___ Provided records ___
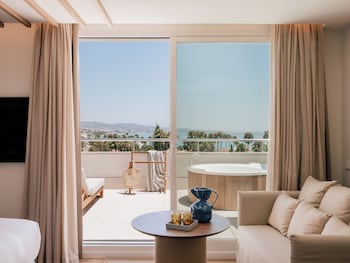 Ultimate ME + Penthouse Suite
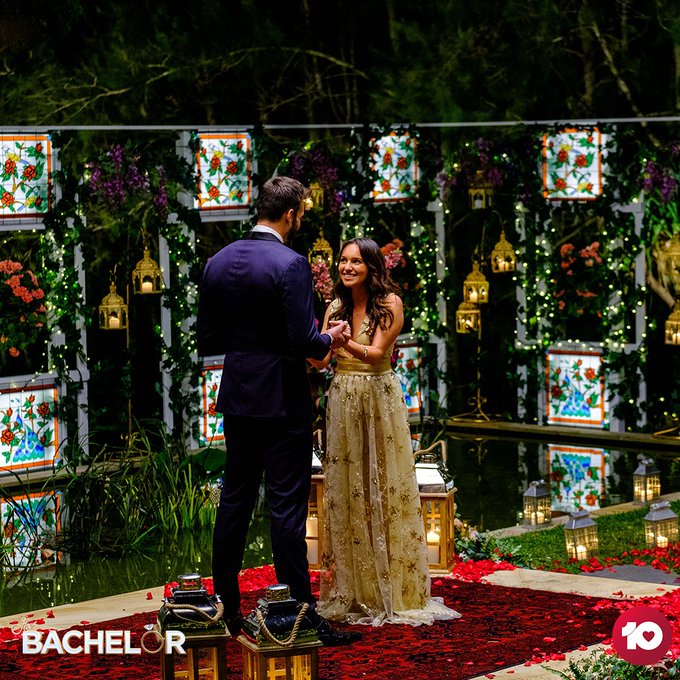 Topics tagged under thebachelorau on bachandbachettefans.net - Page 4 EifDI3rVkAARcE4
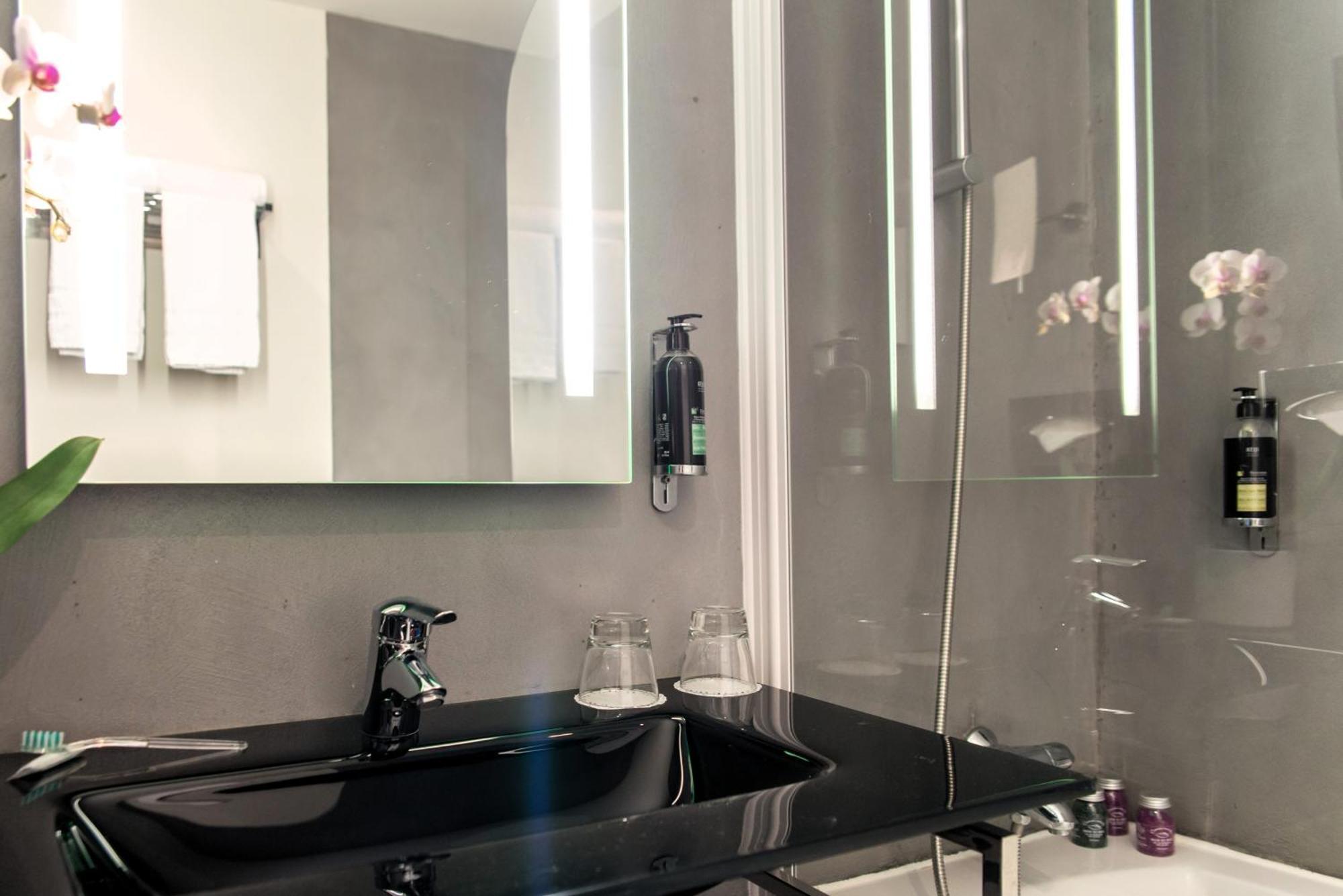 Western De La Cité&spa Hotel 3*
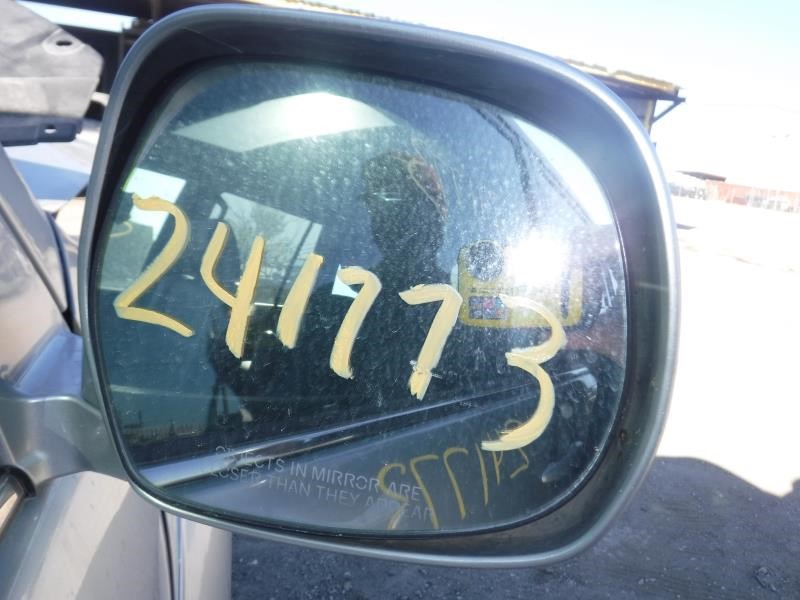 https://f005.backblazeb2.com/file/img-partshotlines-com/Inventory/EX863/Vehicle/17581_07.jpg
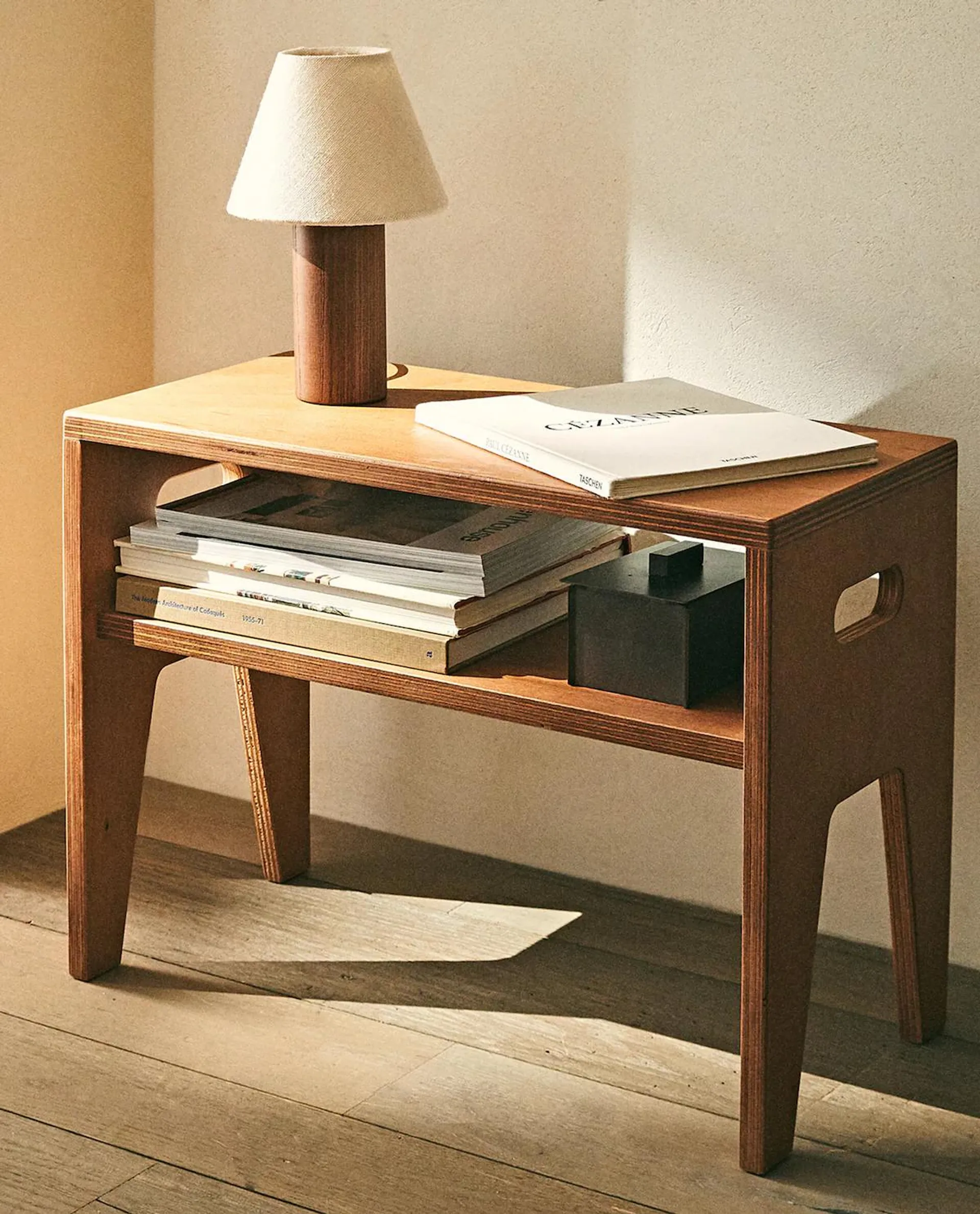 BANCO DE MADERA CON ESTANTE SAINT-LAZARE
___
Copy exactly the lines from the line containing "Topics tagged under" through the last line of the records, both included, and omit every picture.

 Topics tagged under thebachelorau on bachandbachettefans.net - Page 4 EifDI3rVkAARcE4
 Western De La Cité&spa Hotel 3*
 https://f005.backblazeb2.com/file/img-partshotlines-com/Inventory/EX863/Vehicle/17581_07.jpg
 BANCO DE MADERA CON ESTANTE SAINT-LAZARE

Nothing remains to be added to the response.